Bennett who won her only term in 1979 was often unpopular with business owners as she was concerned by out of control growth and how it impacted water and air quality, as well as access to affordable housing, issues that sadly have been talked about but not effectively impacted by local leadership.
Bennett, who had a rough life, at one point raising three teenagers after barely surviving a heart attack, got an ethics policy passed in 1982 and pushed to include citizen participation in government.
“I had been involved with city politics because of a project that was built next to my home that did not comply with building codes,” Smith said. “And it was right at the time that the city council had changed. “In that election, Barbara Bennett and Pete Sferrazza were elected. And so there was a change. We started having more of an emphasis on planning. At that point, the planning was being done through Washoe County, so Reno did not have any real say.”
Bennett, she remembers, always met with people and gave them opportunities to be involved.
“Her issue and how she got involved is she lived in a trailer park on Oddie Boulevard. Trailer parks were a temporary use. At any time a developer could come in, tell everybody to move, and the trailers were not easy to move, and she was able to get that law changed and got herself elected to being the mayor.”
Currently Smith says residents and local media should pay more attention to what the city manager and city attorney are doing.

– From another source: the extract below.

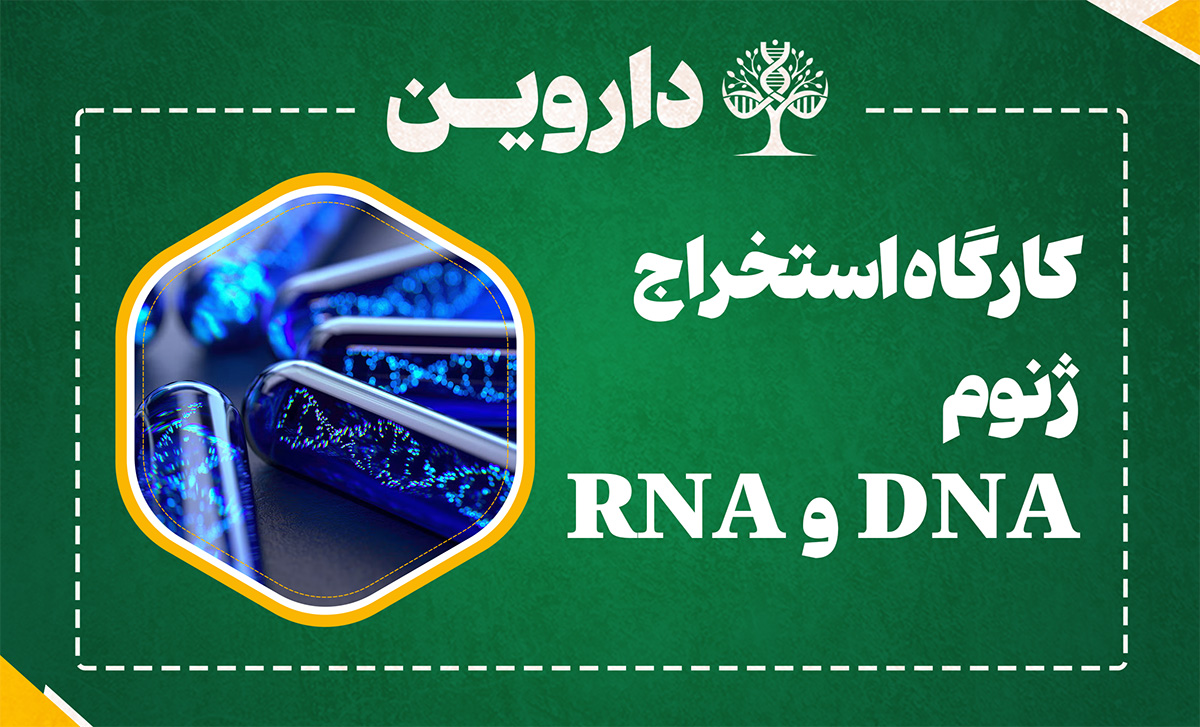 استخراج ژنوم RNA و DNA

“When I was on the city council, we were paid $9,000 a year. You gave direction to the city manager, and the city manager ran the city, and that was how that was done. It’s become more complicated, but it really does make a big difference who your city manager is. Of course, then, the city manager is supposed to take direction from the city Council. The other one that I would think is not paid very close attention to is the city attorney. And we currently have a city attorney that is trying to take away public standing in any public hearing. Really what it will do is it will make the only one that has standing be the developer. And so it'll take away appeal … all of those kind of things.”
Smith who had been a social worker and then went into commercial real estate says she’s thought of running again, but has stopped short of doing so.
“I’m not going to do that,” she said. “Life moves on. I've got six grandkids and I've got other things that I'm involved in, but I certainly try to give … a piece of my mind on a regular basis.”
To those disillusioned with current practices, she says they should not give up hope, while still pushing for change.
“You can be involved on the outside as well as on the inside,” she said. “You need to educate yourself about how the system works and take your anger into actually educating yourself as to why things are happening.” She says this was the approach Bennett once took, and that eventually made her victorious as mayor, even though she had lost previous elections for other posts.